If we were to become anal about pronunciation, then most of English would sound different!  And what pronunciation is correct?  Many times, the word's pronunciation is maintained from the period it comes from.  IE, Urdu/Hindi has the word /dost/ from Persian.  Many moons ago, both Persian and Hindi/Urdu had the same pronunciation, but Persian has since had some phonetic changes.  So who has the right pronunciation then?


----------



## Frank06

Hi,



fenixpollo said:


> Most people, in most countries (especially in mine), do not make any attempt whatsoever to mimic the native pronunciation of foreign words. I think this is disrespectful and ignorant.


 
I see that you're English... i'd love to hear you say 'pronunciation', 'information', 'ignorant'.
A few questions:
1. What's disrespectful about pronouncing those words the English way, and not the French way (when speaking English). Do you produce the tones when saying Beijing (in English) and is that a matter of disrespect?
2. When do 'foreign words' cease to be 'foreign'?

Groetjes,

Frank


----------



## fenixpollo

cyanista said:


> I don't think you pronounce 'cigarette' or 'commence' with a French accent? You'll probably say that's due to the fact that they have been long incorporated in the English vocabulary.


 Yes, because the convention has always been to change the pronunciation to match English phonetics. Just because we've always done it that way doesn't make it right. 



> But how could foreign words be absorbed by any language if everyone thought like you? And what about  synthetical languages that borrow from analytical ones (i.e. Russian from English)?

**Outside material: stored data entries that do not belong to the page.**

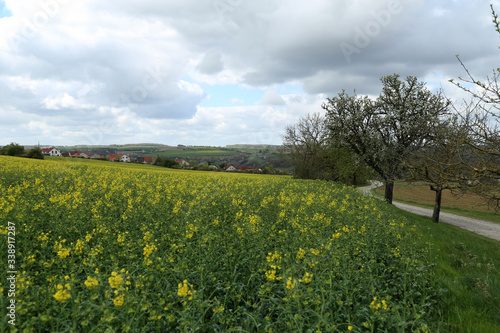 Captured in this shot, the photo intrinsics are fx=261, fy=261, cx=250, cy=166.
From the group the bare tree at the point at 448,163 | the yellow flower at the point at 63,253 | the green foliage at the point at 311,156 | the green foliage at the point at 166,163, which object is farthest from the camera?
the green foliage at the point at 166,163

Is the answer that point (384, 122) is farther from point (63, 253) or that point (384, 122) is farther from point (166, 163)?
point (166, 163)

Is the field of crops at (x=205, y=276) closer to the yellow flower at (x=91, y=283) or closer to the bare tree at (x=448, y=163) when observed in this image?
the yellow flower at (x=91, y=283)

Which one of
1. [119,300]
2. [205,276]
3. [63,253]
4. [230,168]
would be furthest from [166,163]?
[119,300]

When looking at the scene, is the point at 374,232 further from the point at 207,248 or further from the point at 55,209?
the point at 55,209

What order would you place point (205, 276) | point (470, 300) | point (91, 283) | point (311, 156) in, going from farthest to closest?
1. point (311, 156)
2. point (470, 300)
3. point (205, 276)
4. point (91, 283)

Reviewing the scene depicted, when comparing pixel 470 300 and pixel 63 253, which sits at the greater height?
pixel 63 253

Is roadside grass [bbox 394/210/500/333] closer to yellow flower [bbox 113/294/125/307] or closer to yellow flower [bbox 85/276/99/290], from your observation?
→ yellow flower [bbox 113/294/125/307]

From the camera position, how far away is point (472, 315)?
4.67m

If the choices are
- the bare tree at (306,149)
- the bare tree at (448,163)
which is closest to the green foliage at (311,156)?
the bare tree at (306,149)

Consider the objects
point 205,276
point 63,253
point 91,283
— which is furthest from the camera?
point 205,276

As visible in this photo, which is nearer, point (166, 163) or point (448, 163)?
point (448, 163)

 They would be absorbed exactly as they are absorbed now. The very same process. Only they would sound different than they do now, and we wouldn't be any the wiser. 

I'm not saying that we need to adopt all of the pronunciation and grammar rules of the other language. I'm also not trying to be "anal"about it. In most cases, it would take very little effort to pronounce the word in a more-authentic way. 





Frank06 said:


> I see that you're English... i'd love to hear you say 'pronunciation', 'information', 'ignorant'.
> A few questions:
> 1. What's disrespectful about pronouncing those words the English way, and not the French way (when speaking English). Do you produce the tones when saying Beijing (in English) and is that a matter of disrespect?
> 2. When do 'foreign words' cease to be 'foreign'?


 I'm American, not English. I'm not sure what my pronunciation of those words has to do with this discussion.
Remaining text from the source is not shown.